> **Task to complete**
Retype only the lines from the top of the records to the line with "motility and reflexes, as", including that line but none of the pictures.

════

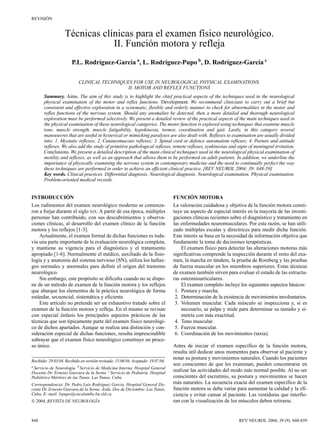 REVISIÓN


                   Técnicas clínicas para el examen físico neurológico.
                               II. Función motora y refleja
                       P.L. Rodríguez-García a, L. Rodríguez-Pupo b, D. Rodríguez-García c

                           CLINICAL TECHNIQUES FOR USE IN NEUROLOGICAL PHYSICAL EXAMINATIONS.
                                             II. MOTOR AND REFLEX FUNCTIONS
       Summary. Aims. The aim of this study is to highlight the chief practical aspects of the techniques used in the neurological
       physical examination of the motor and reflex functions. Development. We recommend clinicians to carry out a brief but
       consistent and effective exploration in a systematic, flexible and orderly manner to check for abnormalities in the motor and
       reflex functions of the nervous system. Should any anomalies be detected, then a more detailed and thorough neurological
       exploration must be performed selectively. We present a detailed review of the practical aspects of the main techniques used in
       the physical examination of these neurological categories. The motor function is explored using techniques that examine muscle
       tone, muscle strength, muscle fatigability, hypokinesia, tremor, coordination and gait. Lastly, in this category several
       manoeuvres that are useful in hysterical or mimicking paralyses are also dealt with. Reflexes to examination are usually divided
       into: 1. Myotatic reflexes; 2. Cutaneomucous reflexes; 3. Spinal cord or defence automatism reflexes; 4. Posture and attitude
       reflexes. We also add the study of primitive pathological reflexes, remote reflexes, synkinesias and signs of meningeal irritation.
       Conclusions. We present a detailed description of the main clinical techniques used in the neurological physical examination of
       motility and reflexes, as well as an approach that allows them to be performed on adult patients. In addition, we underline the
       importance of physically examining the nervous system in contemporary medicine and the need to continually perfect the way
       these techniques are performed in order to achieve an efficient clinical practice. [REV NEUROL 2004; 39: 848-59]
       Key words. Clinical practices. Differential diagnosis. Neurological diagnosis. Neurological examination. Physical examination.
       Problem-oriented medical records.


INTRODUCCIÓN                                                                      FUNCIÓN MOTORA
Los rudimentos del examen neurológico moderno se comenza-                         La valoración cuidadosa y objetiva de la función motora consti-
ron a forjar durante el siglo XIX. A partir de esa época, múltiples               tuye un aspecto de especial interés en la mayoría de las investi-
personas han contribuido, con sus descubrimientos y observa-                      gaciones clínicas recientes sobre el diagnóstico y tratamiento en
ciones clínicas, al desarrollo del examen clínico de la función                   las enfermedades neuromusculares. Por esta razón, se han utili-
motora y los reflejos [1-3].                                                      zado múltiples escalas y directrices para medir dicha función.
    Actualmente, el examen formal de dichas funciones es toda-                    Este interés se basa en la necesidad de información objetiva que
vía una parte importante de la evaluación neurológica completa,                   fundamente la toma de decisiones terapéuticas.
y mantiene su vigencia para el diagnóstico y el tratamiento                           El examen físico para detectar las alteraciones motoras más
apropiado [1-6]. Normalmente el médico, auxiliado de la fisio-                    significativas comprende la inspección durante el resto del exa-
logía y y anatomía del sistema nervioso (SN), utiliza los hallaz-                 men, la marcha en tándem, la prueba de Romberg y las pruebas
gos normales y anormales para definir el origen del trastorno                     de fuerza muscular en los miembros superiores. Estas técnicas
neurológico.                                                                      de examen también sirven para evaluar el estado de las estructu-
    Sin embargo, este propósito se dificulta cuando no se dispo-                  ras osteomioarticulares.
ne de un método de examen de la función motora y los reflejos                         El examen completo incluye los siguientes aspectos básicos:
que abarque los elementos de la práctica neurológica de forma                      1. Postura y marcha.
estándar, secuencial, sistemática y eficiente.                                     2. Determinación de la existencia de movimientos involuntarios.
    Este artículo no pretende ser un exhaustivo tratado sobre el                   3. Volumen muscular. Cada músculo se inspecciona y, si es
examen de la función motora y refleja. En el mismo se revisan                         necesario, se palpa y mide para determinar su tamaño y si-
con especial énfasis los principales aspectos prácticos de las                        metría con más exactitud.
técnicas que son típicamente parte del examen físico neurológi-                    4. Tono muscular.
co de dichos apartados. Aunque se realiza una distinción y con-                    5. Fuerza muscular.
sideración especial de dichas funciones, resulta imprescindible                    6. Coordinación de los movimientos (taxia).
subrayar que el examen físico neurológico constituye un proce-
so único.                                                                         Antes de iniciar el examen específico de la función motora,
                                                                                  resulta útil dedicar unos momentos para observar al paciente y
                                                                                  notar su postura y movimientos naturales. Cuando los pacientes
Recibido: 29.03.04. Recibido en versión revisada: 15.06.04. Aceptado: 19.07.04.
a
                                                                                  son conscientes de que les examinan, pueden concentrarse en
 Servicio de Neurología. b Servicio de Medicina Interna. Hospital General
Docente Dr. Ernesto Guevara de la Serna. c Servicio de Pediatría. Hospital
                                                                                  realizar las actividades del modo más normal posible. Al no ser
Pediátrico Mártires de las Tunas. Las Tunas, Cuba.                                conscientes del escrutinio, su postura y movimientos se hacen
Correspondencia: Dr. Pedro Luis Rodríguez García. Hospital General Do-            más naturales. La secuencia exacta del examen específico de la
cente Dr. Ernesto Guevara de la Serna. Avda. Dos de Diciembre. Las Tunas,         función motora se debe variar para aumentar la calidad y la efi-
Cuba. E- mail: lrpupo@cucalambe.ltu.sld.cu                                        ciencia y evitar cansar al paciente. Las vestiduras que interfie-
 2004, REVISTA DE NEUROLOGÍA                                                     ran con la visualización de los músculos deben retirarse.


848                                                                                                              REV NEUROL 2004; 39 (9): 848-859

════

> **Output for this task**
 REVISIÓN


                   Técnicas clínicas para el examen físico neurológico.
                               II. Función motora y refleja
                       P.L. Rodríguez-García a, L. Rodríguez-Pupo b, D. Rodríguez-García c

                           CLINICAL TECHNIQUES FOR USE IN NEUROLOGICAL PHYSICAL EXAMINATIONS.
                                             II. MOTOR AND REFLEX FUNCTIONS
       Summary. Aims. The aim of this study is to highlight the chief practical aspects of the techniques used in the neurological
       physical examination of the motor and reflex functions. Development. We recommend clinicians to carry out a brief but
       consistent and effective exploration in a systematic, flexible and orderly manner to check for abnormalities in the motor and
       reflex functions of the nervous system. Should any anomalies be detected, then a more detailed and thorough neurological
       exploration must be performed selectively. We present a detailed review of the practical aspects of the main techniques used in
       the physical examination of these neurological categories. The motor function is explored using techniques that examine muscle
       tone, muscle strength, muscle fatigability, hypokinesia, tremor, coordination and gait. Lastly, in this category several
       manoeuvres that are useful in hysterical or mimicking paralyses are also dealt with. Reflexes to examination are usually divided
       into: 1. Myotatic reflexes; 2. Cutaneomucous reflexes; 3. Spinal cord or defence automatism reflexes; 4. Posture and attitude
       reflexes. We also add the study of primitive pathological reflexes, remote reflexes, synkinesias and signs of meningeal irritation.
       Conclusions. We present a detailed description of the main clinical techniques used in the neurological physical examination of
       motility and reflexes, as well as an approach that allows them to be performed on adult patients. In addition, we underline the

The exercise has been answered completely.